Government of Alberta - The Minister of Indigenous Relations, Richard Feehan, issued the following statement in response to today’s federal announcement of a five-member commission to lead the National Inquiry on Missing and Murdered Indigenous Women and Girls, along with terms of reference to guide their work.
“This is an important step. I’d like to commend the federal government for its commitment to address this national crisis.
“I am also mindful that today’s announcement may be extremely difficult for affected families and loved ones to hear. It is important that their voices and concerns are heard in coming months.
“Our government has always supported the call for a national inquiry into missing and murdered Indigenous women and girls. We are working to ensure provincial powers are available to the commission to support their critical work in our province.

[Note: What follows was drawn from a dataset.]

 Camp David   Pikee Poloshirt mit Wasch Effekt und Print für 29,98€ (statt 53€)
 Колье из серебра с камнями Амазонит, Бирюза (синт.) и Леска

“We must work together to improve the safety and security of Indigenous women and girls across Alberta and Canada.”
Indigenous and Northern Affairs Canada press release:
Government of Canada names commissioners for national inquiry into missing and murdered indigenous women and girls
Canada is committed to real reconciliation with Indigenous peoples, and the National Inquiry into Missing and Murdered Indigenous Women and Girls is an important step on this path to end the unacceptable rates of violence against Indigenous women and girls.
Today, Carolyn Bennett, Minister of Indigenous and Northern Affairs, along with Jody Wilson-Raybould, Minister of Justice and Attorney General of Canada, Patty Hajdu, Minister of Status of Women, announced the five commissioners who will lead the Inquiry as well as the Terms of Reference for the National Inquiry.

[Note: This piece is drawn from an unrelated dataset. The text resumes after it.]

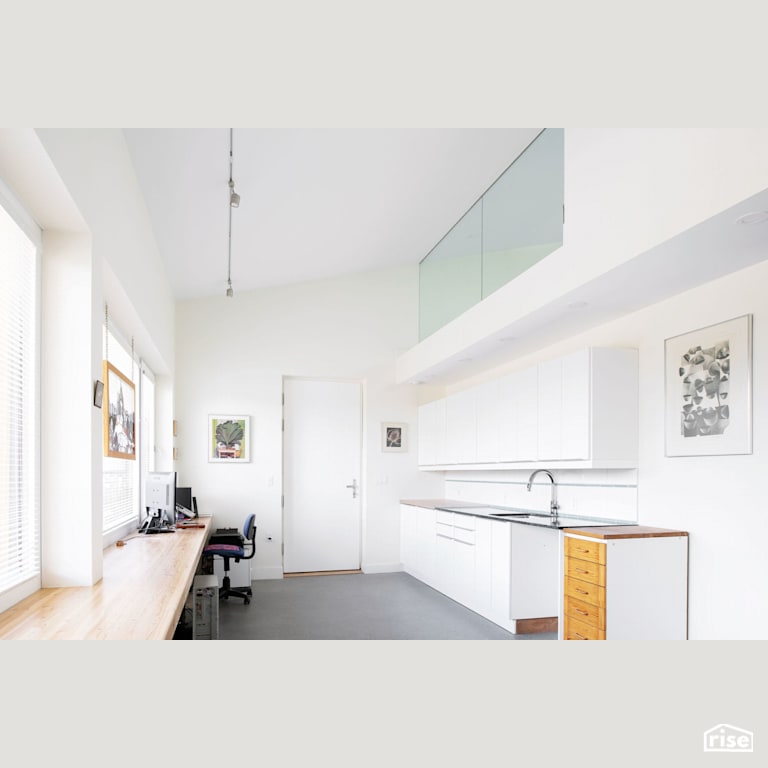 Office / Den with Triple Pane Window by Lanefab Design/Build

Canada is grateful to the survivors, families, loved ones and grassroots women's organizations, front-line, feminist Indigenous organizations, national Indigenous organizations, as well as well as provinces and territories, and experts who provided input during the pre-inquiry process. The input received through the 18 sessions and the online survey helped shape the Inquiry that the Commissioners will now be leading.
The Commissioners have the background, characteristics and experience we heard was necessary in the pre-inquiry design phase to lead this Inquiry.
The Commissioners are:
The Honourable Marion Buller, Chief Commissioner
Michèle Audette, Commissioner
Qajaq Robinson, Commissioner
Marilyn Poitras, Commissioner
Brian Eyolfson, Commissioner
The Terms of Reference for the Inquiry were also released today.

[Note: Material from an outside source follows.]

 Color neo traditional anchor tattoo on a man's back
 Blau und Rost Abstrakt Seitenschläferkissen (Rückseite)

The National Inquiry will be funded by the Government of Canada, with the participation and full co-operation of all the provinces and territories. Together, the federal, provincial and territorial governments have ensured the Inquiry has the necessary mandate and tools to help bring this national tragedy to an end.
In response to the pre-inquiry recommendations, the Government also announced today $16.17 million over four years for the creation of Family Information Liaison Units in each province and territory and to increase Victims Services funding to provide culturally-appropriate victims services for families of Missing and Murdered Indigenous Women and Girls and survivors of violence. The Family Information Liaison Units will provide centralized, dedicated resources for families of missing or murdered Indigenous women and girls and gather the information families are seeking on their behalf. These services will be provided in a respectful and co-ordinated manner during the Inquiry.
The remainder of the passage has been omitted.